-- Task instructions --
When you repeat the material, keep each line exact and omit the pictures.

-- Exercise data --
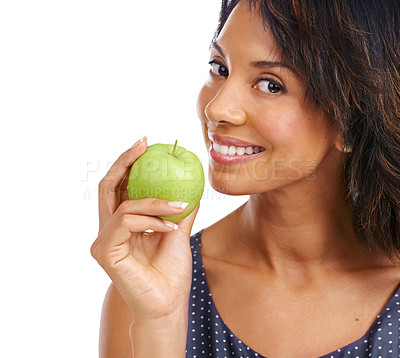 Buy stock photo Black woman, studio portrait and apple with smile, nutrition or diet for healthy cholesterol, vitamin c or eating by backdrop. Woman, happy or green fruit for health, energy or wellness by background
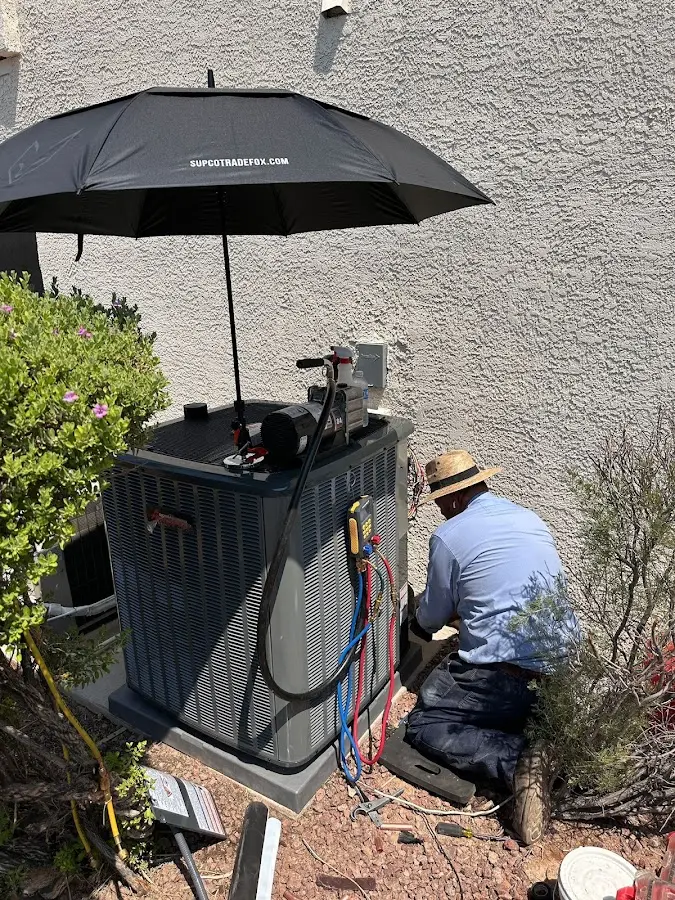 HVAC technician performing outdoor AC maintenance in Stoughton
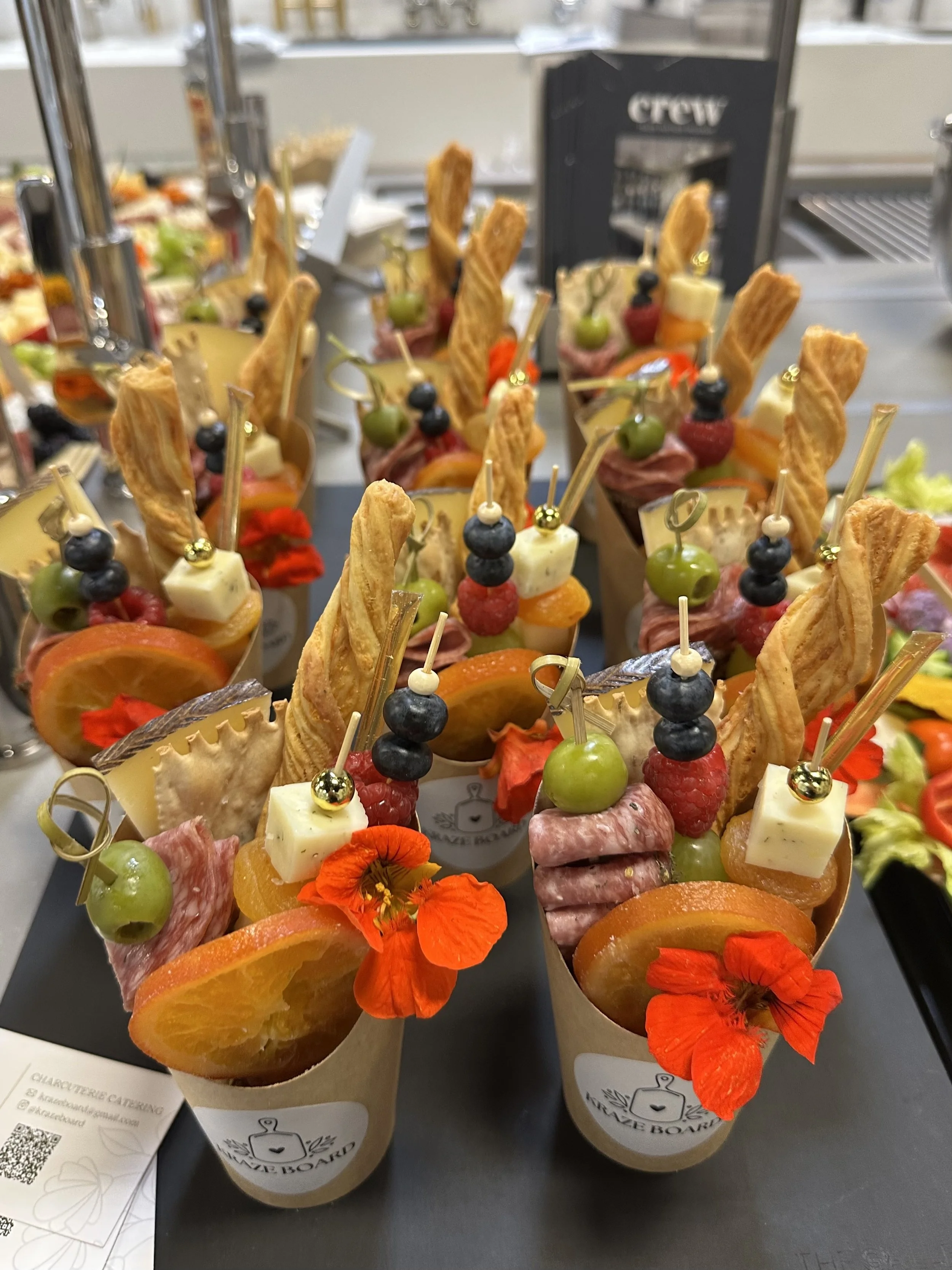 A platter of colorful fruit and meat appetizers garnished with edible flowers, cheese, and crackers, topped with skewers of grapes and berries.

-- Answer box --
 Buy stock photo Black woman, studio portrait and apple with smile, nutrition or diet for healthy cholesterol, vitamin c or eating by backdrop. Woman, happy or green fruit for health, energy or wellness by background
 HVAC technician performing outdoor AC maintenance in Stoughton
 A platter of colorful fruit and meat appetizers garnished with edible flowers, cheese, and crackers, topped with skewers of grapes and berries.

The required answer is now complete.